= Beginning of Section =

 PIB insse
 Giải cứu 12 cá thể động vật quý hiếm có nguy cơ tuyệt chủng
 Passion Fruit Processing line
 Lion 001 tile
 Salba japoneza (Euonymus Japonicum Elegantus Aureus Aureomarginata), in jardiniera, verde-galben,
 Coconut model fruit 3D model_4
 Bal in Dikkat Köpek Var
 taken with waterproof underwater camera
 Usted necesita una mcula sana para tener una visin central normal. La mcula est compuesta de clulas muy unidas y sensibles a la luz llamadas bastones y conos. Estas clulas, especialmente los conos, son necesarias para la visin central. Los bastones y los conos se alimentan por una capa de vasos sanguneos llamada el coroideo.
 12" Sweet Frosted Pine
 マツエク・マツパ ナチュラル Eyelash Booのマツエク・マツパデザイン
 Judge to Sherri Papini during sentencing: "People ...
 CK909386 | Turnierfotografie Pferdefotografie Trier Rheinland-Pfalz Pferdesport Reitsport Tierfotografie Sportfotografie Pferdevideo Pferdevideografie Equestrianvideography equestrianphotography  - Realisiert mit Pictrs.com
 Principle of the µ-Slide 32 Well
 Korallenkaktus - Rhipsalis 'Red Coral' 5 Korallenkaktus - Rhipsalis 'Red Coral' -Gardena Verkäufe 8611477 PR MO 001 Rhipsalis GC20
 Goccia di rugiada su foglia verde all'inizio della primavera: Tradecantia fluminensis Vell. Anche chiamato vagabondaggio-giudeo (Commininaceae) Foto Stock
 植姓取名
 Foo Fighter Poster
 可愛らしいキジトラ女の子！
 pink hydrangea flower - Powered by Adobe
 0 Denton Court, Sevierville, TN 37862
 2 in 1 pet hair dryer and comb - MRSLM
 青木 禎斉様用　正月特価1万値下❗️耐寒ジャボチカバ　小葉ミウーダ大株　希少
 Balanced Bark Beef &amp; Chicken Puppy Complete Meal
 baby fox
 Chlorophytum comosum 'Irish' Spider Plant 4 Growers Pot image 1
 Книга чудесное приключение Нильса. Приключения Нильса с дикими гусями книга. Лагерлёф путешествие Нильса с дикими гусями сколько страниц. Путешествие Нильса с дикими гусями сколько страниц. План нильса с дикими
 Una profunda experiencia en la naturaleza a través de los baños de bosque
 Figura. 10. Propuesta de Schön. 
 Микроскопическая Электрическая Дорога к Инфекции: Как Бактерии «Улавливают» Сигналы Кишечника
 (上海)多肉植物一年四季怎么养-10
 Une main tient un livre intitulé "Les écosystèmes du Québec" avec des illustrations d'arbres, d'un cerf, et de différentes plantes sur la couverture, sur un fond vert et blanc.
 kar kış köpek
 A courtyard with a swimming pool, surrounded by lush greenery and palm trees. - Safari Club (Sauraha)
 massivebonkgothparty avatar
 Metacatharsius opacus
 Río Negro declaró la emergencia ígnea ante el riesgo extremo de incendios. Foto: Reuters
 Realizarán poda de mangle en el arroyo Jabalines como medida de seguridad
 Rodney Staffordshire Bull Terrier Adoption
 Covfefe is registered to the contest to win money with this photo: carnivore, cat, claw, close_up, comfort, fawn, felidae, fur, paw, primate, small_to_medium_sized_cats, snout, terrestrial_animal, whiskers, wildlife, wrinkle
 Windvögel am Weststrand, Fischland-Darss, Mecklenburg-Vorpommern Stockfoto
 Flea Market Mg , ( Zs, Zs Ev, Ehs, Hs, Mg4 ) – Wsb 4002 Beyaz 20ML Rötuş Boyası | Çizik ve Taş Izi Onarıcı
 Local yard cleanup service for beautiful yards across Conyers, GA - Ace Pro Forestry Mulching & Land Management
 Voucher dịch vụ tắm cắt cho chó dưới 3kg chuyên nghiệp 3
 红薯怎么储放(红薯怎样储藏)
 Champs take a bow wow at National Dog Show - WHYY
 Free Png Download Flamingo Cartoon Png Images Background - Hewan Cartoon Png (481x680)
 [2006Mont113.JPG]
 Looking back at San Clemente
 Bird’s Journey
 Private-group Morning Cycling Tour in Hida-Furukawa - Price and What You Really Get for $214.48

= End of Section =

- **WORK ORDER**:
Lines from the one with "Figura. 10. Propuesta de Schön." through the end of the data: set these down exactly, including both ends and nothing more.

- **WRITTEN ANSWER**:
 Figura. 10. Propuesta de Schön. 
 Микроскопическая Электрическая Дорога к Инфекции: Как Бактерии «Улавливают» Сигналы Кишечника
 (上海)多肉植物一年四季怎么养-10
 Une main tient un livre intitulé "Les écosystèmes du Québec" avec des illustrations d'arbres, d'un cerf, et de différentes plantes sur la couverture, sur un fond vert et blanc.
 kar kış köpek
 A courtyard with a swimming pool, surrounded by lush greenery and palm trees. - Safari Club (Sauraha)
 massivebonkgothparty avatar
 Metacatharsius opacus
 Río Negro declaró la emergencia ígnea ante el riesgo extremo de incendios. Foto: Reuters
 Realizarán poda de mangle en el arroyo Jabalines como medida de seguridad
 Rodney Staffordshire Bull Terrier Adoption
 Covfefe is registered to the contest to win money with this photo: carnivore, cat, claw, close_up, comfort, fawn, felidae, fur, paw, primate, small_to_medium_sized_cats, snout, terrestrial_animal, whiskers, wildlife, wrinkle
 Windvögel am Weststrand, Fischland-Darss, Mecklenburg-Vorpommern Stockfoto
 Flea Market Mg , ( Zs, Zs Ev, Ehs, Hs, Mg4 ) – Wsb 4002 Beyaz 20ML Rötuş Boyası | Çizik ve Taş Izi Onarıcı
 Local yard cleanup service for beautiful yards across Conyers, GA - Ace Pro Forestry Mulching & Land Management
 Voucher dịch vụ tắm cắt cho chó dưới 3kg chuyên nghiệp 3
 红薯怎么储放(红薯怎样储藏)
 Champs take a bow wow at National Dog Show - WHYY
 Free Png Download Flamingo Cartoon Png Images Background - Hewan Cartoon Png (481x680)
 [2006Mont113.JPG]
 Looking back at San Clemente
 Bird’s Journey
 Private-group Morning Cycling Tour in Hida-Furukawa - Price and What You Really Get for $214.48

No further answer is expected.